**Exercise directions:** The lines to transcribe run from the top of the material below to the line with "Tatanka Lakota Buffalo", inclusive. Leave the pictures behind.

**Dataset section:**
◆ ◆ ◆

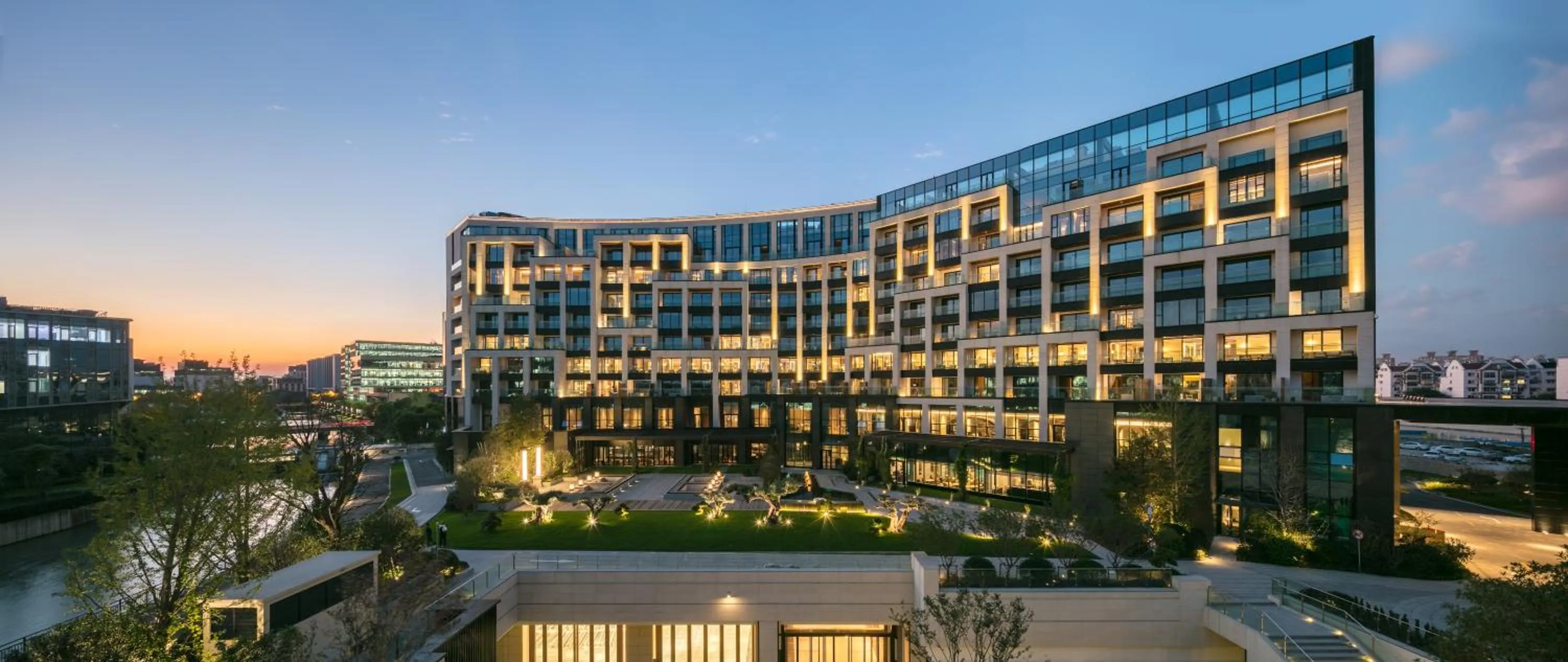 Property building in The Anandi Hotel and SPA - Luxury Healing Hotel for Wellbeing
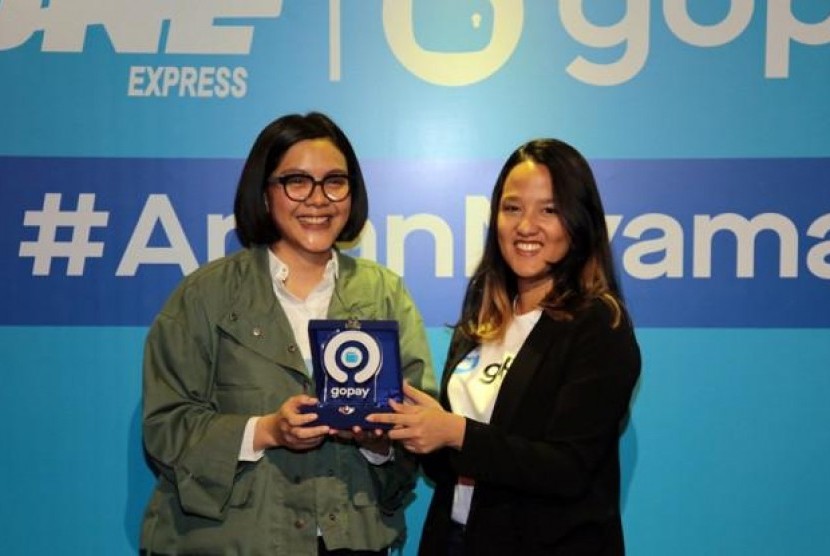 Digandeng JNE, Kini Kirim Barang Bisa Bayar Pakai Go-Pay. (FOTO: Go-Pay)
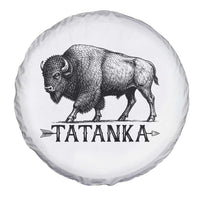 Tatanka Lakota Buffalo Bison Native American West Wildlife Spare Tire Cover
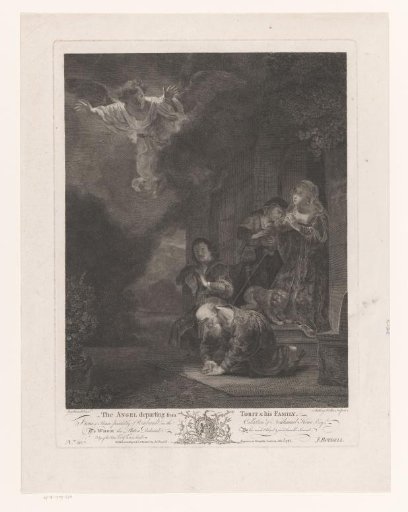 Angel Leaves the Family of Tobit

◆ ◆ ◆

**The completed task:**
 Property building in The Anandi Hotel and SPA - Luxury Healing Hotel for Wellbeing
 Digandeng JNE, Kini Kirim Barang Bisa Bayar Pakai Go-Pay. (FOTO: Go-Pay)
 Tatanka Lakota Buffalo Bison Native American West Wildlife Spare Tire Cover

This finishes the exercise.